_TO DO_
From the line that contains "სამტრედიის ქუჩა - [904]" down to the last line of the data below, restate every line word for word, skipping any images.

Scraped caption text data:
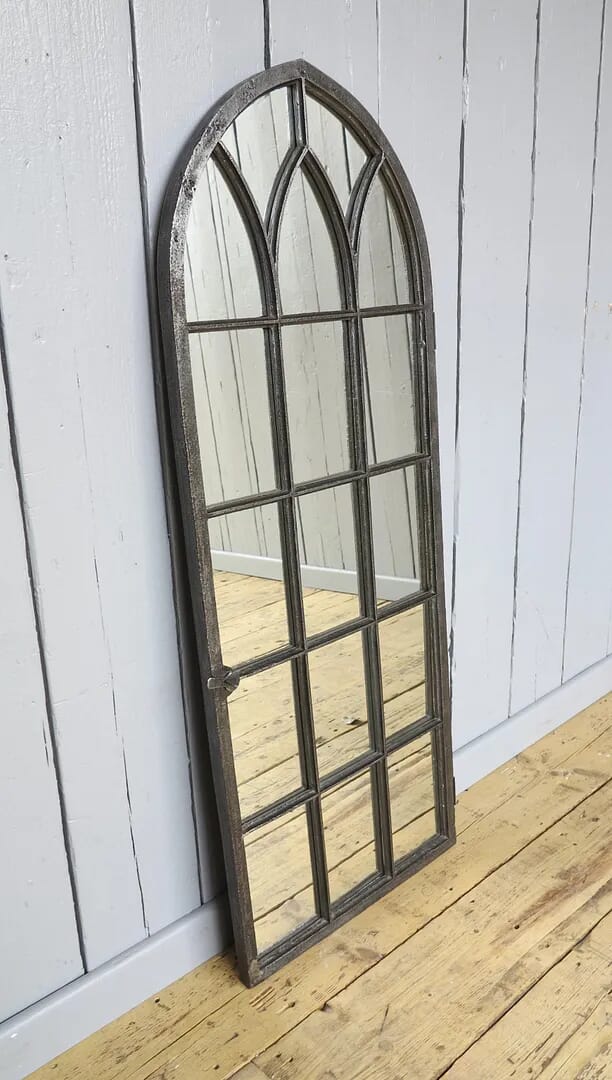 Gothic Victorian Cast Iron Arched Mirror - 7229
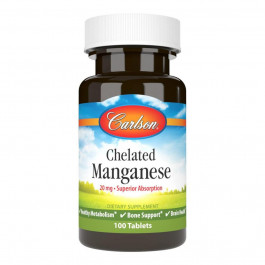   Carlson Labs Chelated Manganese, 20 mg, 100 Tablets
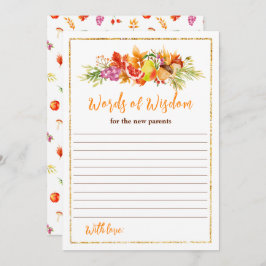 Autumn Harvest Baby Shower Words Of Wisdom Einladung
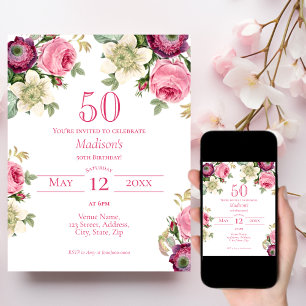 Invitation de 50e anniversaire de la florale rose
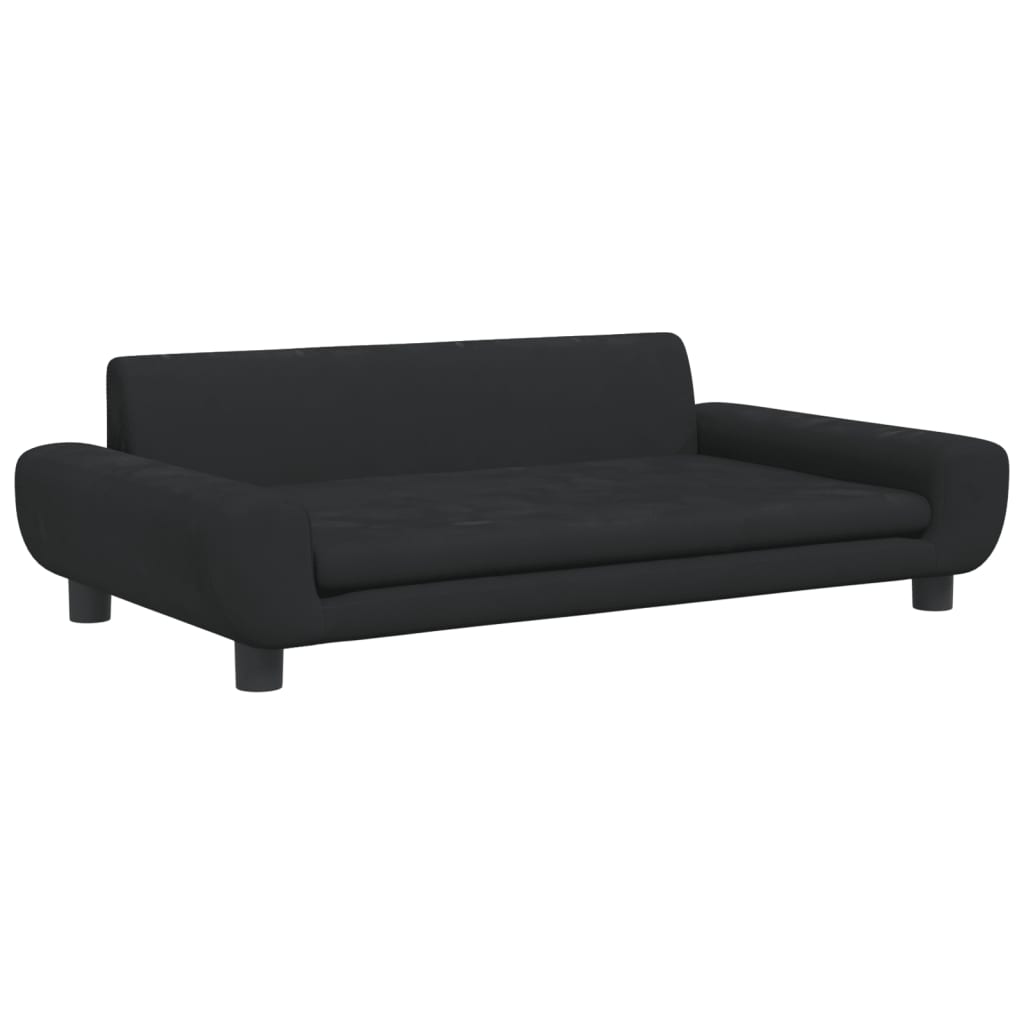Children's sofa black 100x54x33 cm velvet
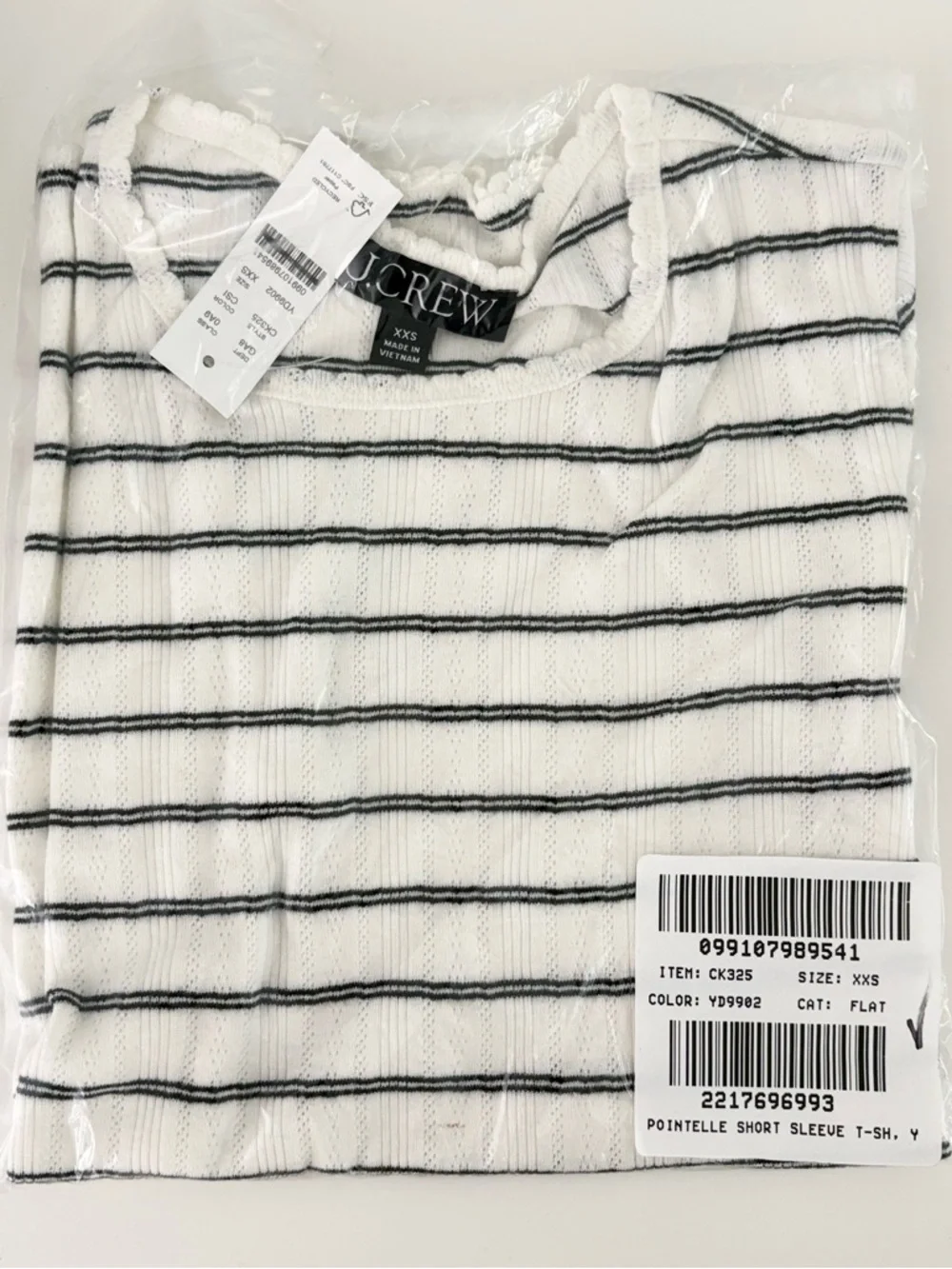 NWT J. Crew Pointelle Short-sleeve T-shirt Claude Stripe Ivory Black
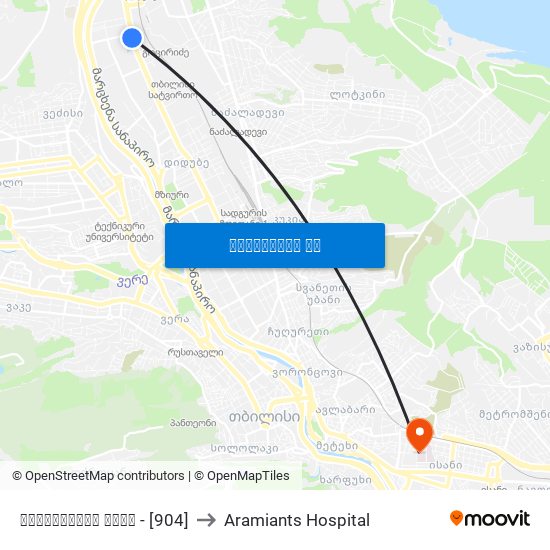 სამტრედიის ქუჩა - [904] to Aramiants Hospital map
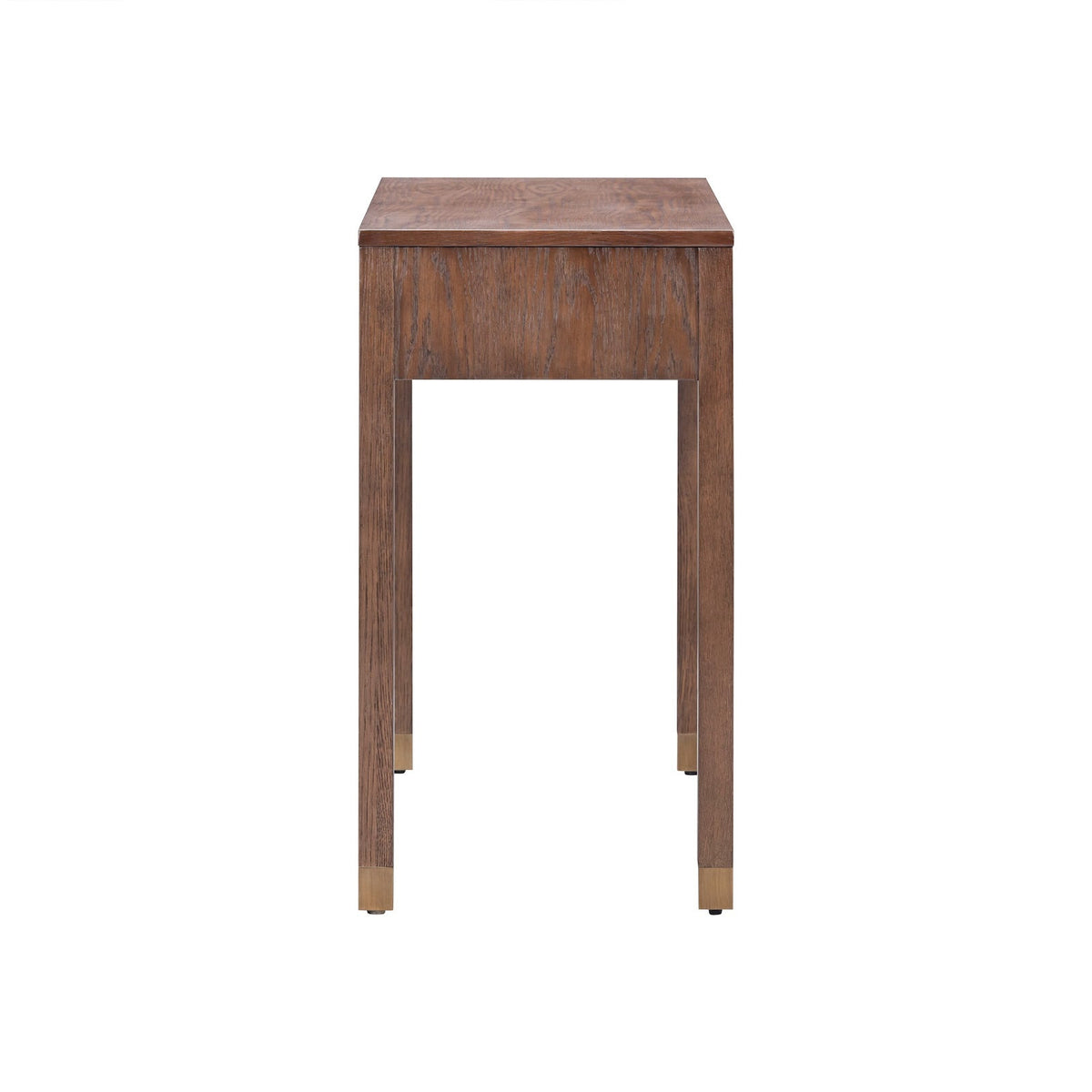 Alcudia Dressing Table - Dark Brown Oak/Antique Brass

_WRITTEN RESPONSE_
 სამტრედიის ქუჩა - [904] to Aramiants Hospital map
 Alcudia Dressing Table - Dark Brown Oak/Antique Brass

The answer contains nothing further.